## Try it
Once the line holding "DOD Outdoors Good Luck Table" is found, output it and all remaining lines of the data exactly, with every picture left out.

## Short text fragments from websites
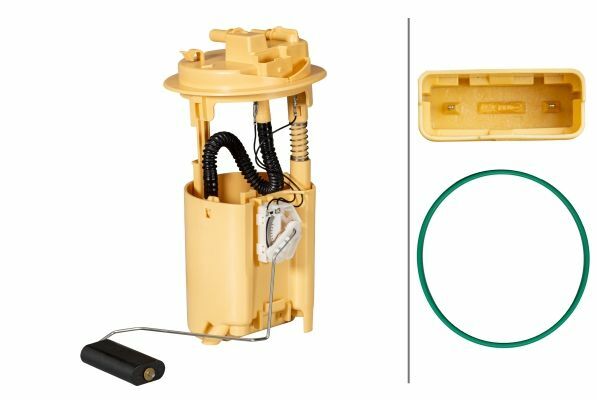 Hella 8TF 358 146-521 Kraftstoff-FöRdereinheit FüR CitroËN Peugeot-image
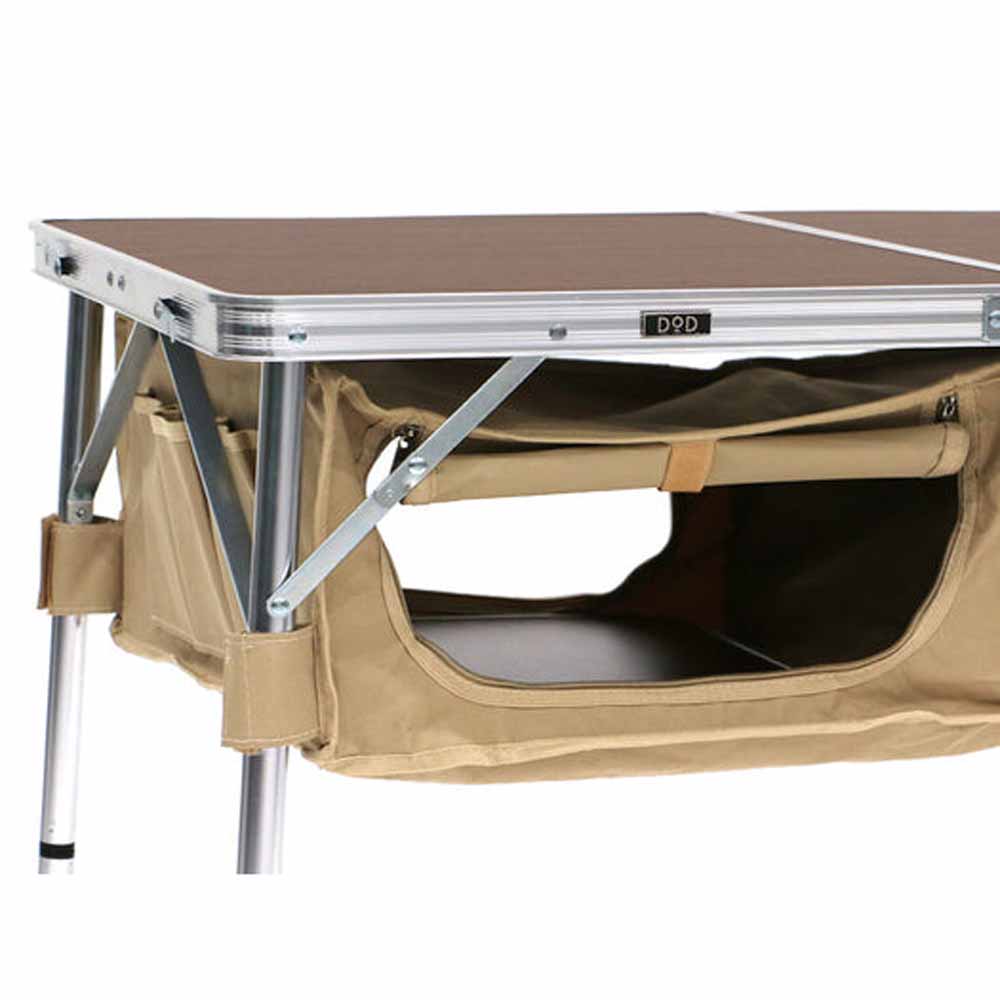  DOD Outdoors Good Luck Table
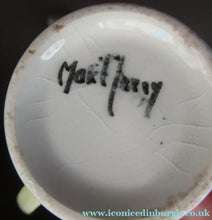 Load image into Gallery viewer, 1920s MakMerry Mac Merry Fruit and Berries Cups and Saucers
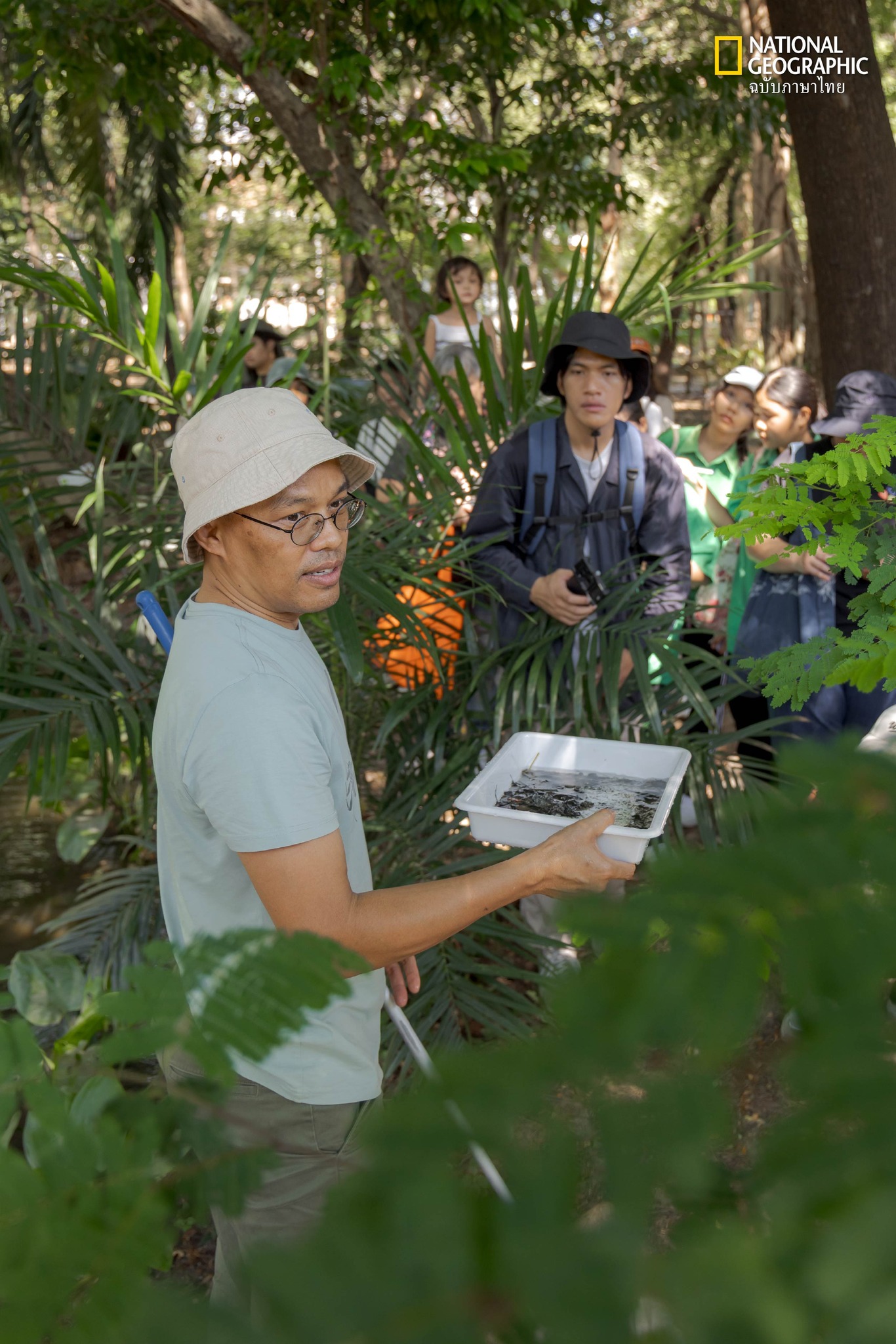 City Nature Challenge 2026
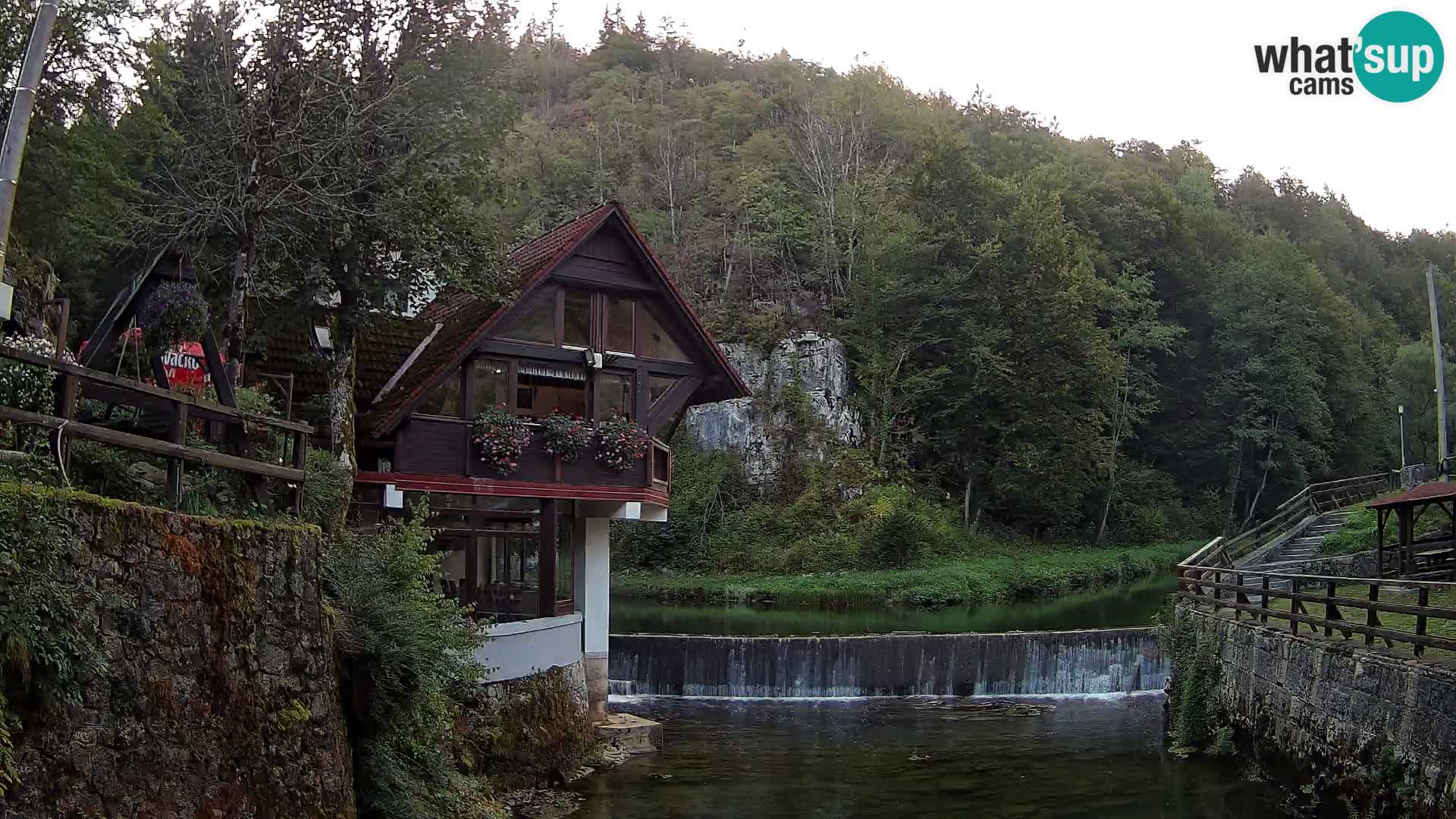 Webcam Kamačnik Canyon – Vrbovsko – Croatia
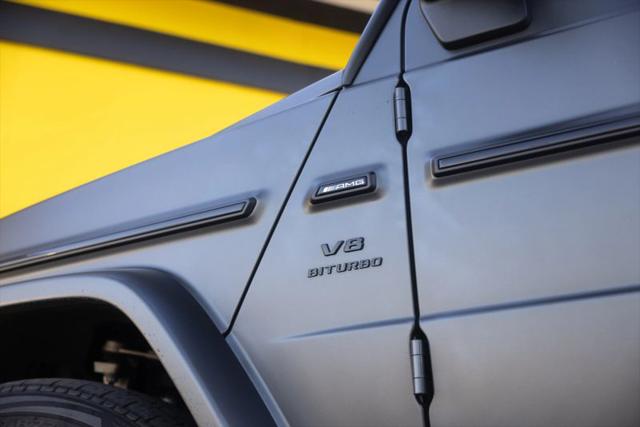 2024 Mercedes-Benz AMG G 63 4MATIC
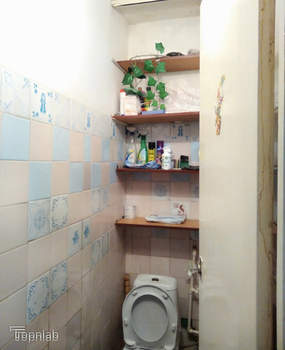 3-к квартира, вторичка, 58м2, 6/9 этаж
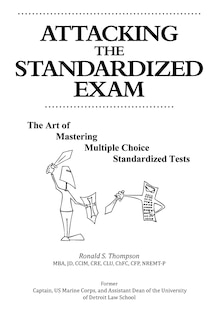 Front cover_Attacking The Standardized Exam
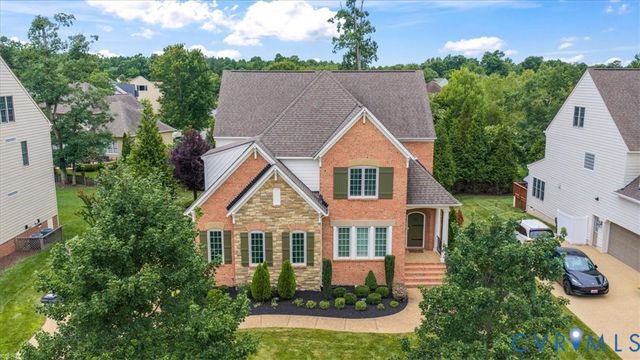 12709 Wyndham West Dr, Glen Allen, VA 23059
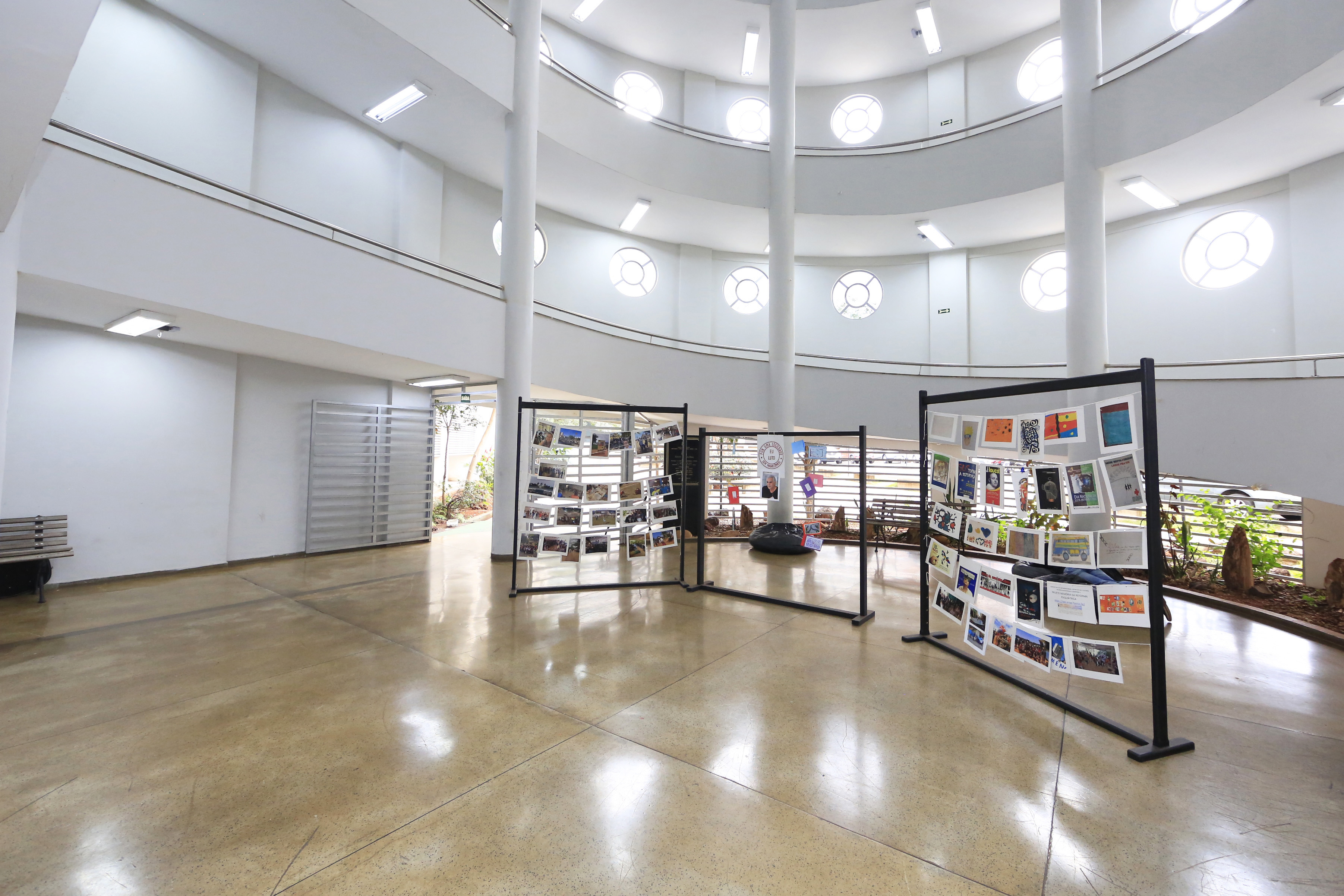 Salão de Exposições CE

## Answer box
  DOD Outdoors Good Luck Table
 Load image into Gallery viewer, 1920s MakMerry Mac Merry Fruit and Berries Cups and Saucers
 City Nature Challenge 2026
 Webcam Kamačnik Canyon – Vrbovsko – Croatia
 2024 Mercedes-Benz AMG G 63 4MATIC
 3-к квартира, вторичка, 58м2, 6/9 этаж
 Front cover_Attacking The Standardized Exam
 12709 Wyndham West Dr, Glen Allen, VA 23059
 Salão de Exposições CE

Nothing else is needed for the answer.